Subject: Re: race condition in pthread write()?
To: Nathan J. Williams <firstname.lastname@example.org>
From: Karl Janmar <email@example.com>
Date: 02/11/2003 23:34:12
On 11 Feb 2003, Nathan J. Williams wrote:
> Karl Janmar <firstname.lastname@example.org> writes:
> > Here is some more data:
> > (gdb) info thread
> > 5 Thread 0 0x485700f7 in poll () from /usr/lib/libc.so.12
> > 4 Thread 21 0x4857008b in select () from /usr/lib/libc.so.12
> > 3 Thread 22 0x4857013f in nanosleep () from /usr/lib/libc.so.12
> > 2 Thread 69 0x4857013f in nanosleep () from /usr/lib/libc.so.12
> > * 1 Thread 70 0x482e5f65 in write () from /usr/lib/libpthread.so.0
> > (gdb) thread ex all
> > 0x48fc0000: thread 70 in kernel
> > 0x48f80000: thread 69 in kernel
> > 0x48f40000: thread 22 in kernel
> > 0x48b40000: thread 21 in kernel
> > 0xbfbc0000: thread 0 in kernel
> OK. All the userland threads are sleeping in the kernel (actually,
> they probably woke up from their original system call, tried to
> deliver a UNBLOCKED upcall, and are sleeping waiting for a stack to
> become avaliable).
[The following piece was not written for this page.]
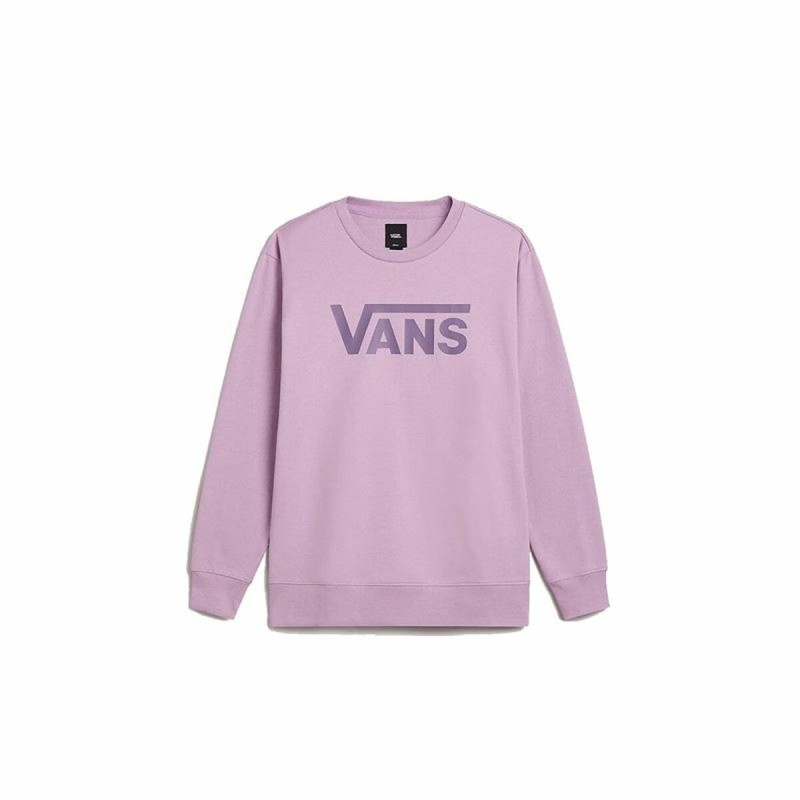 Sweat sans capuche femme Vans Drop V Logo Bff Crew Beige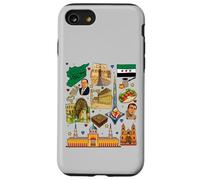 Syria Heritage Collage - Vintage Middle Eastern Culture Case for iPhone SE (2020) / 7/8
The fact that there's still a thread consuming CPU
> probably means another bug in libpthread.. possibly in the
> resolve_locks dance in pthread_sa.c; more likely a spinlock count is
> going negative somewhere, which will confuse the resolve_locks algorithm.
> This is i386, right (guessing from the address of thread 0)? I'll send
> you some additional debugging tools in a little bit.
> > If I get the point the sa_nstacks is running out because the stacks aren't
> > recycle properly, so someware in kern_sa.c it "leaks stacks"?
> That's one possibility... more likely, though, is that the userland
> code is wedged in a state where it doesn't get around to recycling the
> used stacks back to the kernel.
> - Nathan
I have some more info after logging some debug info.
I think sa_getcachelwp() get the hold of a LWP that is not part of the
game. I have 6 LWP running for a long while and then it get a LWP that
haven't been there before LWP 8 and then the hell breaks out, this in turn
get LWP 9 from sa_getcachelwp() and so on until the 19'nth LWP is pulled
out then, the number of stacks is finished.
I will have a look in sa_getcachelwp(), but maybe this info will help you
a little. The only thing I can do is hitting a little bit in the dark.